FARḠĀNĪ, AḤMAD

 

FARḠĀNĪ, AḤMAD, b. Moḥammad b. Kaṯīr, Muslim astronomer. Farḡānī flourished at Sāmarrā during the period that it served as the capital of the ʿAbbasid caliphs (836-92 C.E.), though Ṣāʿed Andalosī (p. 141) states that he was one of al-Maʾmūn’s astronomers. Nothing is known about his family nor much about his life beyond his authorship of a triad of influential works and his unsuccessful attempt to construct a canal, which was to run through the new city of al-Jaʿfarīya. This was entrusted by Motawakkel (847-61) to Moḥammad and Aḥmad, sons of Mūsā b. Šāker, who delegated the work to Farḡānī; the latter’s error prevented the canal from carrying sufficient water (Ebn Abī Oṣaybeʿa, I, p. 207). It is also reported that Farḡānī restored the nilometer at Cairo (Wiet). Both of these projects were completed in 247/861, the year of al-Motawakkel’s death. Farḡānī himself apparently died in Egypt and was buried in Cairo.

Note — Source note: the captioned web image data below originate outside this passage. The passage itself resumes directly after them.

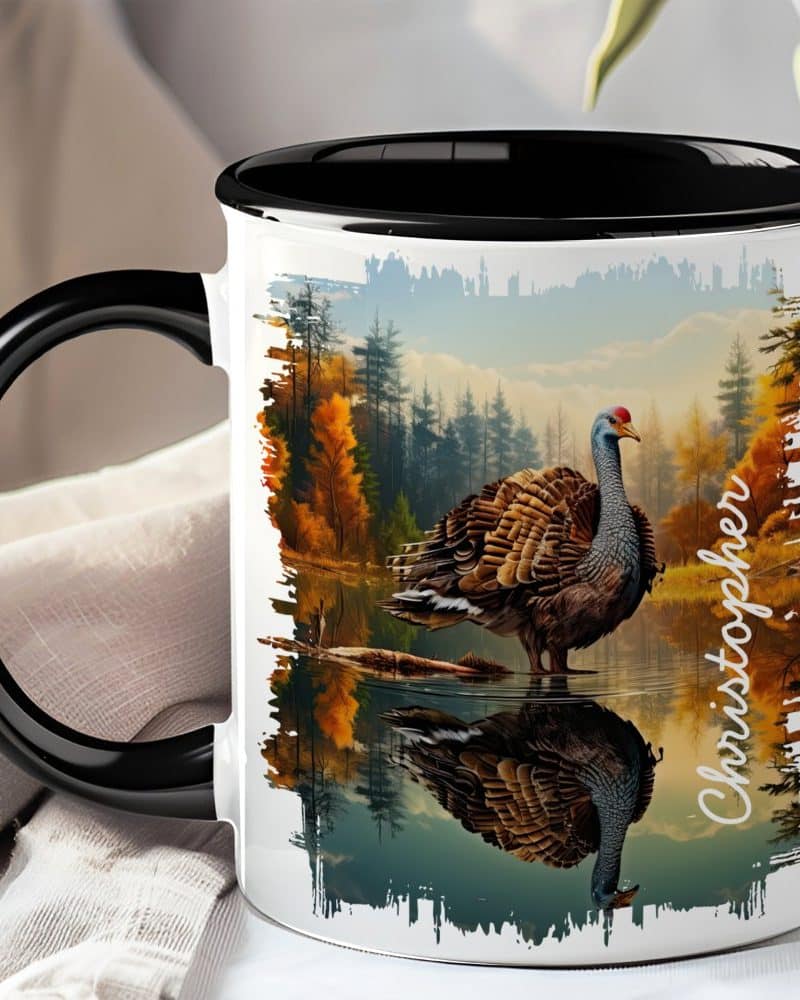Black-handled mug with a colorful image of a turkey reflected in a calm body of water, set against an autumnal forest backdrop. The name Christopher is visible on the mug.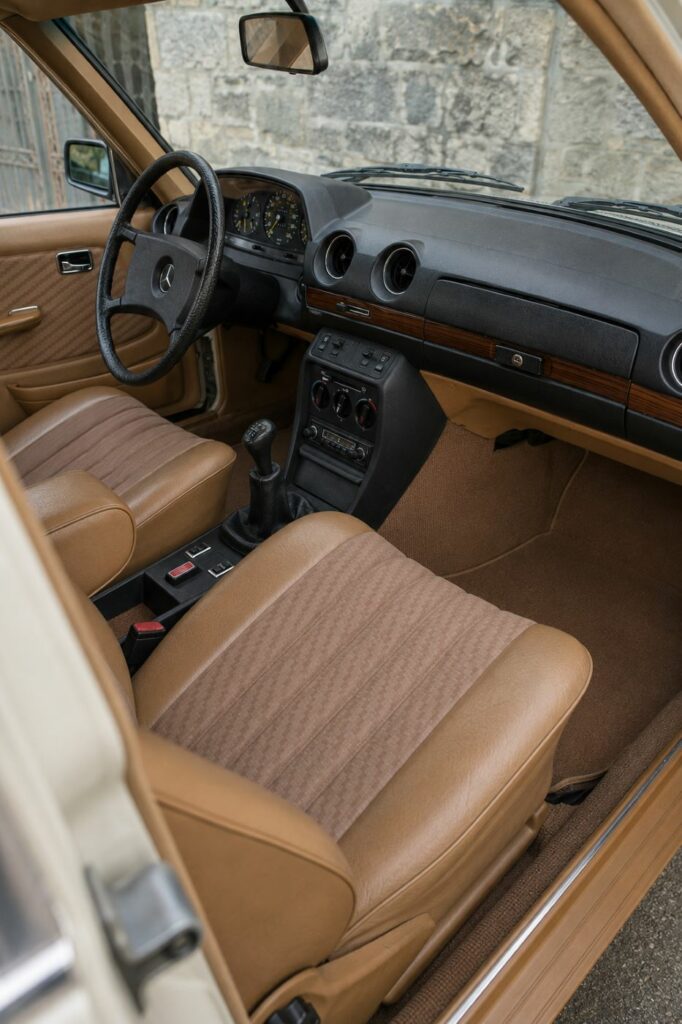 Habitacle d'origine d'une Mercedes W123 avec sellerie beige et inserts en bois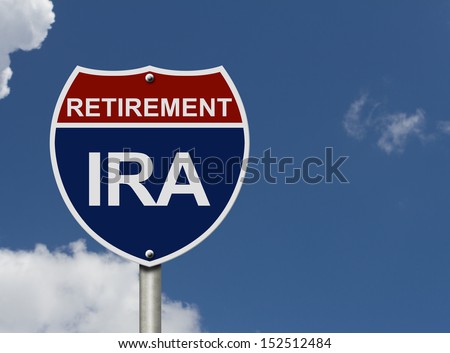 An American road interstate sign with words Retirement and IRA with sky, Your IRA Retirement Fund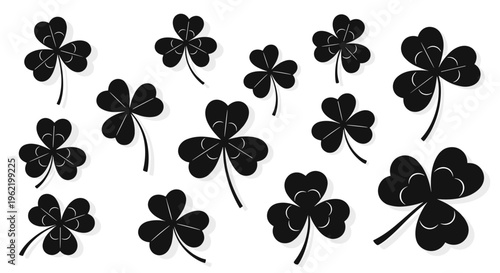 Collection of black shamrocks on a white background representing luck and st patricks day celebration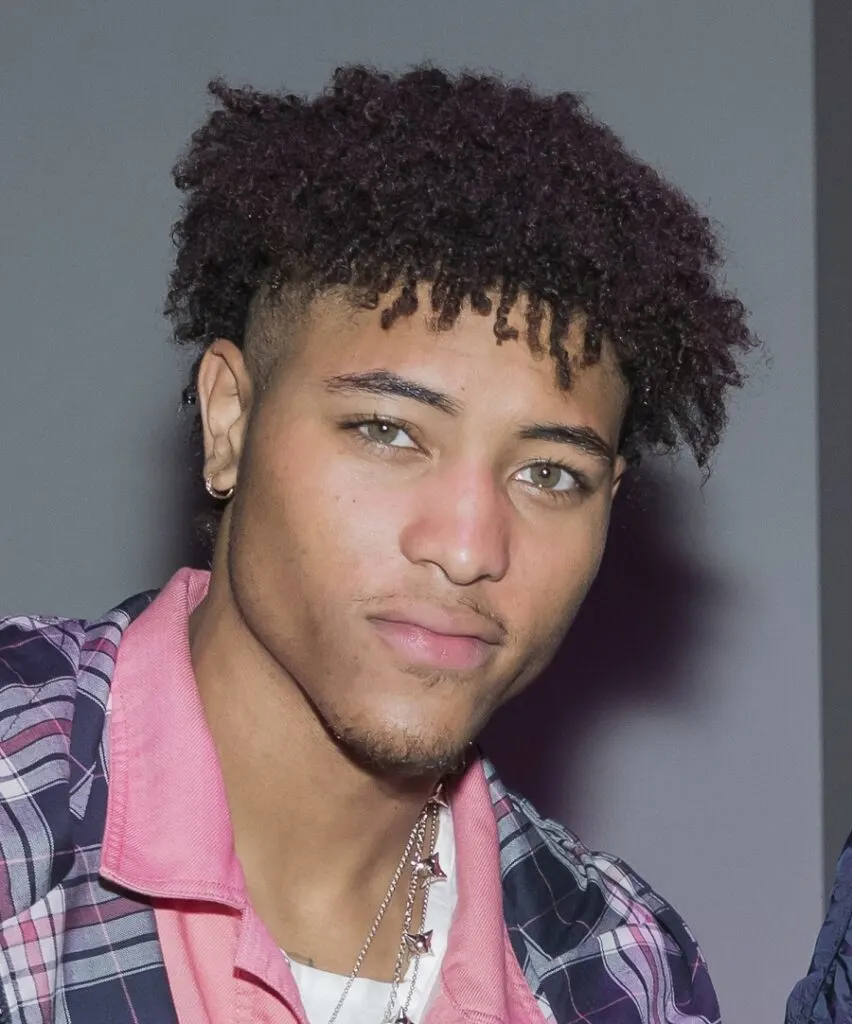 black male celebrity with curly hair-Kelly Oubre
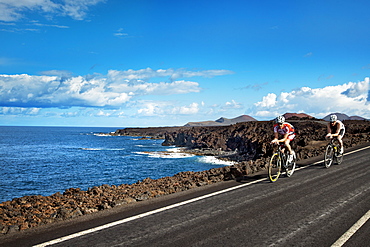 Cyclists at cliff coast, Los Hervideros, Lanzarote, Canary Islands, Spain, Europe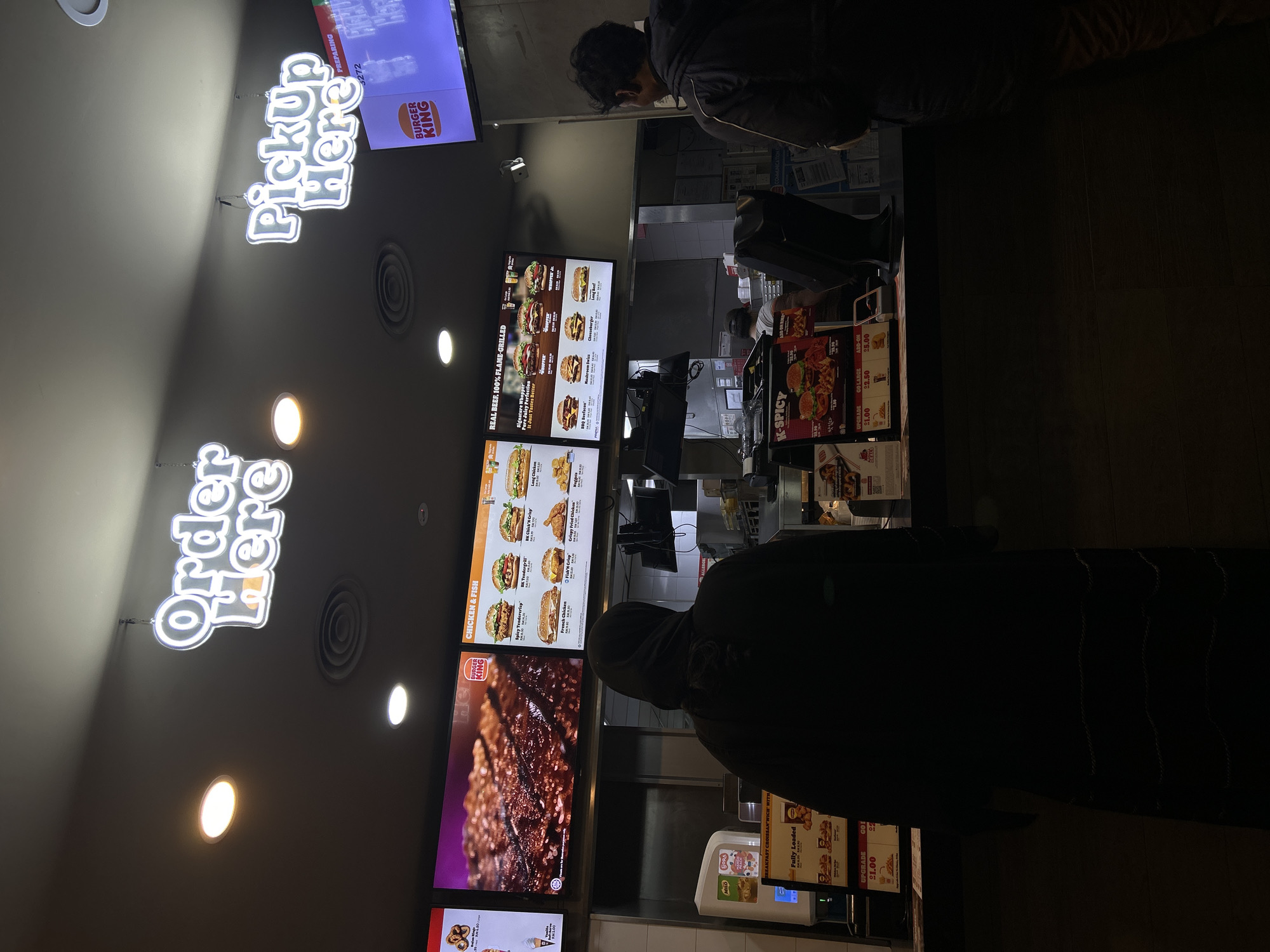 The image shows the interior of a Burger King restaurant. A customer is standing at the counter, seemingly placing an order. Digital menu boards display food items and prices. Signage for "Order Here" and "Pick Up Here" is visible in neon lights. There are menu boards that have words like "REAL BEEF. 100% FLAME-GRILLED" and "CHICKEN & FISH". The image was taken in Malaysia, Subang Jaya City Council.
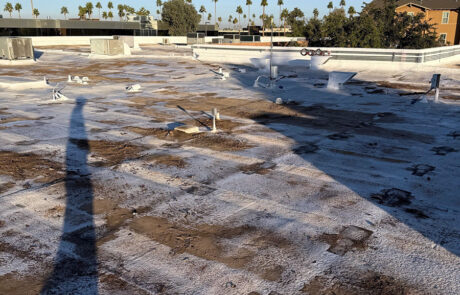 Commercial roof showing widespread discoloration, UV degradation, and coating failure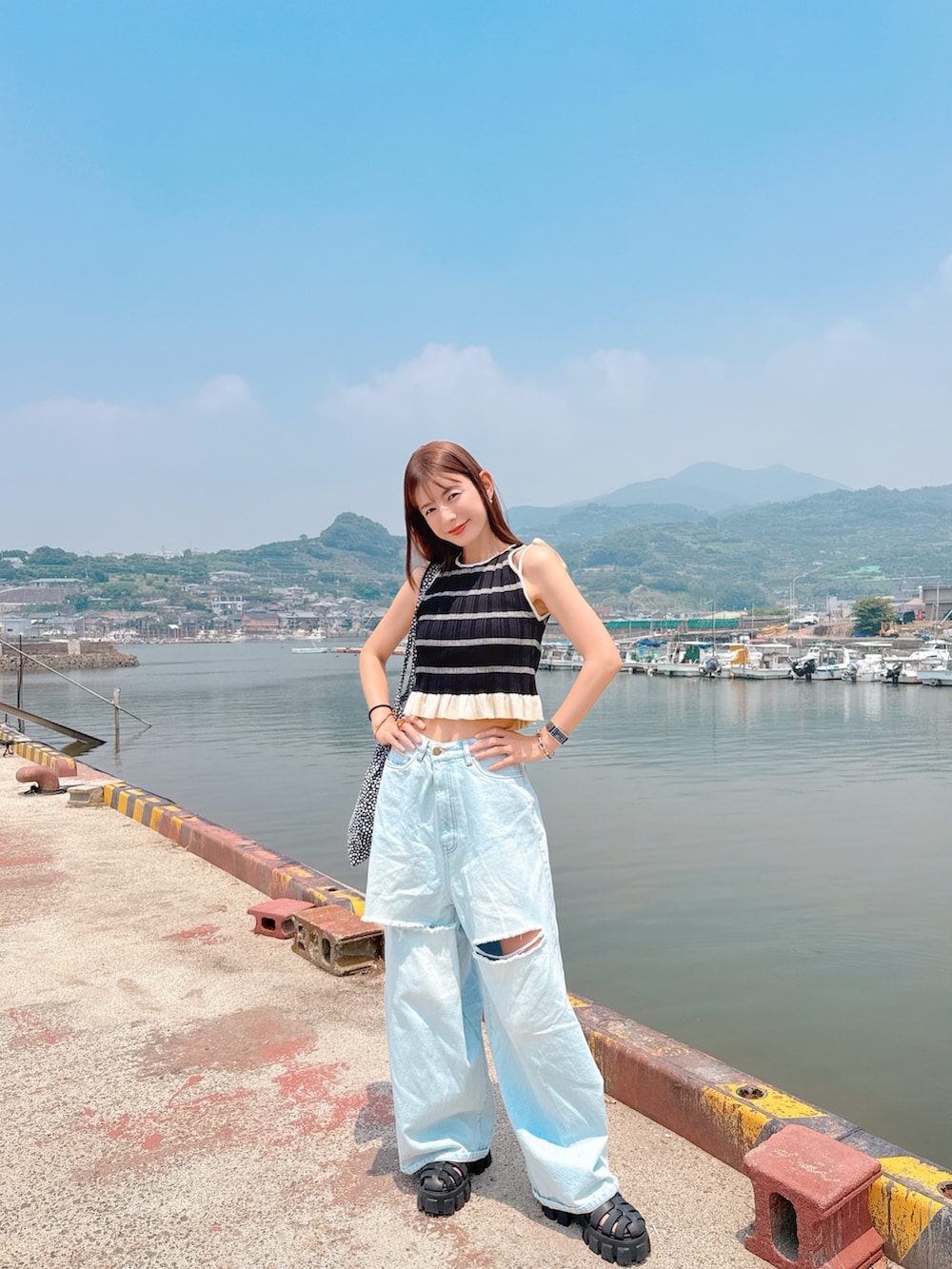 ブラック系のTシャツ/カットソー、ブルー系のデニムパンツ、ブラック系のサンダルを着用したレディースの夏コーディネートの2枚目の写真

Farḡānī’s principal work, the Ketāb jawāmeʿ ʿelm al-nojūm wa oṣūl al-ḥarakāt al-samāwīya (Book of generalities of astronomy and bases of celestial motions; ed J. Golius as Fi’l-ḥarakāt al-samāwīya wa jawāmeʿ ʿelm al-nojūm, Amsterdam, 1669) in thirty chapters, is a summary of Ptolemaic astronomy. Chapter 1 deals with the Arab, Syrian, Roman, Persian, and Egyptian calendars; chapters 2-5 with the celestial spheres and their two principal motions; chapters 6-9 with geography, the seven climes, and their principal cities (see Honigmann, pp. 134-55); chapters 10-11 with right and oblique ascensions of the zodiacal signs and with equatorial and seasonal hours; chapters 12-18 with the models and motions of the luminaries and the planets; chapters 19-20 with the fixed stars and the lunar mansions; chapters 21-22 with the distances and sizes of the planets and the fixed stars; chapters 23-24 with the meridian transits, risings, settings, and occultations of stars and planets; chapter 25 with the phases of the moon; chapter 26 with the first visibilities of the planets; and chapters 27-30 with parallax and with solar and lunar eclipses.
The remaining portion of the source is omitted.